I reached over my shoulder and grabbed Padlimaird’s red hair. “What about him?” I pointed at a bailiff. “He earns a handsome livin, and he ends up at a gibbet every day.”
“Oh shoot,” howled Padlimaird.
Wille appeared then and took us each by an ear. “Why, if it in’t a big mean dog pickin on a little flea.” Padlimaird pushed Wille away and rubbed the back of his head.
“Why are you always here?” I said to them, and trod on the shoe of a big, red-faced woman.
“Why am I here?” She bore down on me, scowling.
“She didn’t mean it, ma’am.” He shoved Paddy and me out of her way. “Be careful of these folks, Aloren. It’s crazy old Nat Breldin up there. He’s getting hanged for the third time now, and they’re going to make sure he’s around for a fourth, or they’ll revolt in all sincerity, an’ the garrison in’t ready for that.”
“You should climb a tree,” said Padlimaird, “before you get squashed. They’re going to storm at some point.” He jumped away when a brawl broke out behind him. “Just look at em!” He ducked an airborne whiskey jug.
“Such nobility and sacrifice,” said Wille. “Come on, Paddy, let’s see if we can’t get closer.” They bungled their way through the mob.
I shook my head and took a step, and my chemise swung forward as though the pockets were filled with stones.
“Oh,” I said to Floy, “they didn’t.”
I reached into my pockets and dug through the coins. I wondered how they had managed it. And of course they could’ve, and quite effortlessly, because it was that much easier to slip something in a pocket than take it out, and they were both skilled pickpockets.
My ears grew hot. I ripped the coins from my pockets, and flung them at a tree, scattering blossoms.

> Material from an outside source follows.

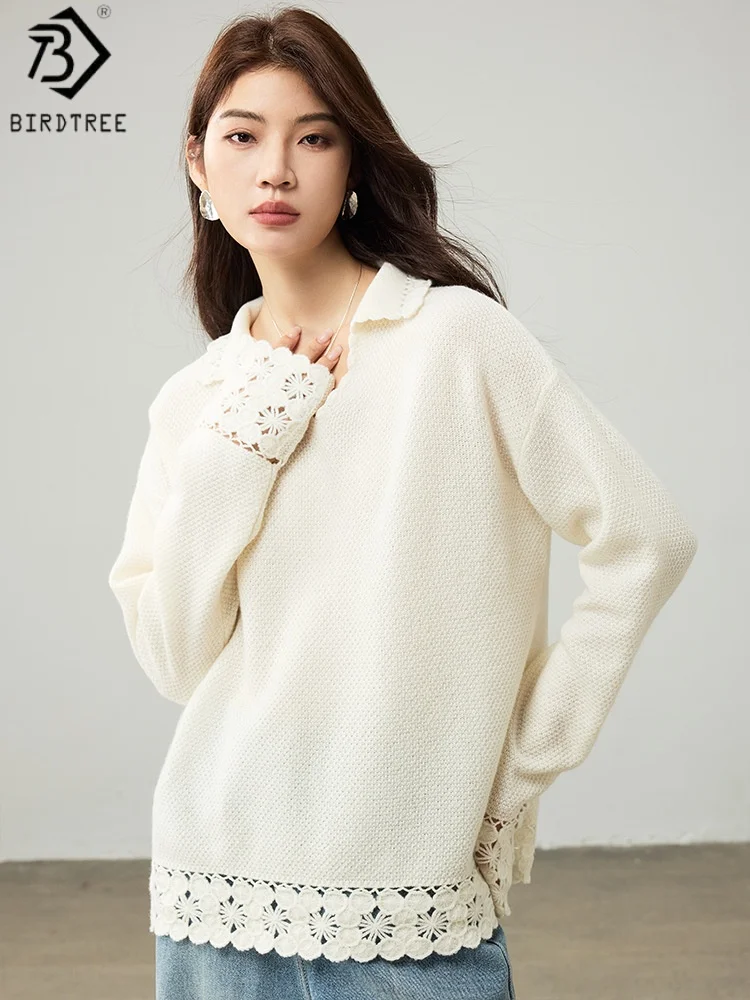 

Birdtree, однотонный вязаный свитер из 100% мериносовой шерсти, женский пуловер с воротником с лацканами и длинными рукавами, вязаные крючком осенние полые топы T59512JF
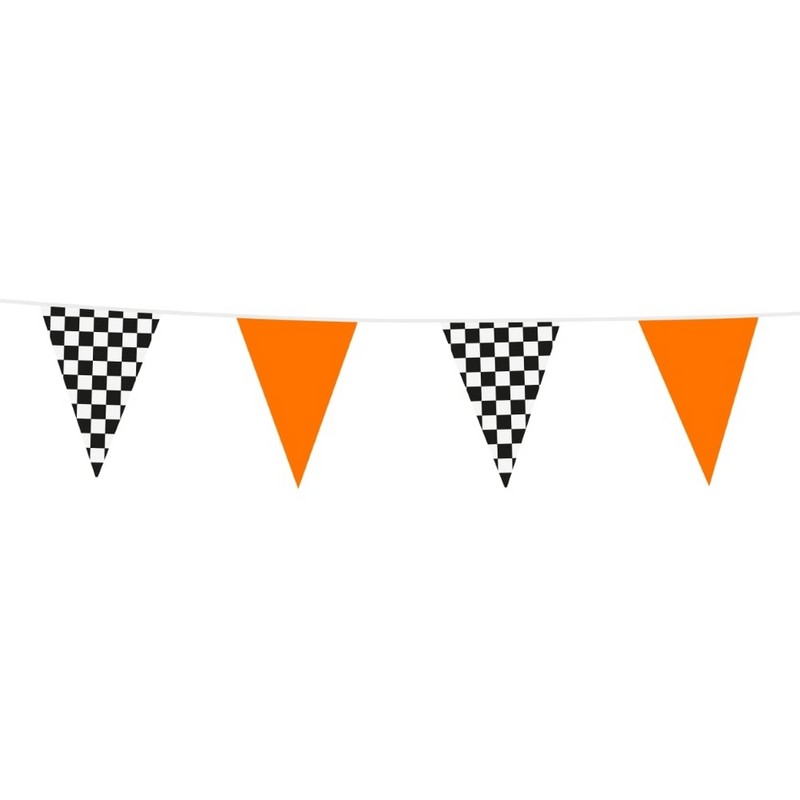 Ternet Vimpelguirlande Orange - 1 stk (10 m) | Orange tema Guirlander - Temashop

“Reyna!” Floy flew round my head. “What in all the wide world and welkin are you doing?”
“I can’t stand it.” I hurled another handful and pain shot through my shoulder. “I can’t stand it.”
“So you’ll throw it all away? Stupid.”
“But––” I shut my mouth, refusing to argue, because she always won.
I knelt and scraped some celms into my skirt, dribbling the silver between my knees, and noticed that a group of folk next to me had become very still.
I stopped, and glanced up at their red faces. The back of my neck pricked, and I took up one more coin. I stood up and hurried away.
“They’re following us,” Floy said.
“Damn.” I dove through someone’s legs, left a pile of silver, and started running.
“Thief,” someone called. I tripped over feet and knocked bodies aside, and a stream of coins fell through a hole in my skirts, attracting more attention.
I broke into a sprint, neared the river, and thought of jumping the wall, into the place where the water lapped close. Then Floy noticed the next tree growing from its stone plinth.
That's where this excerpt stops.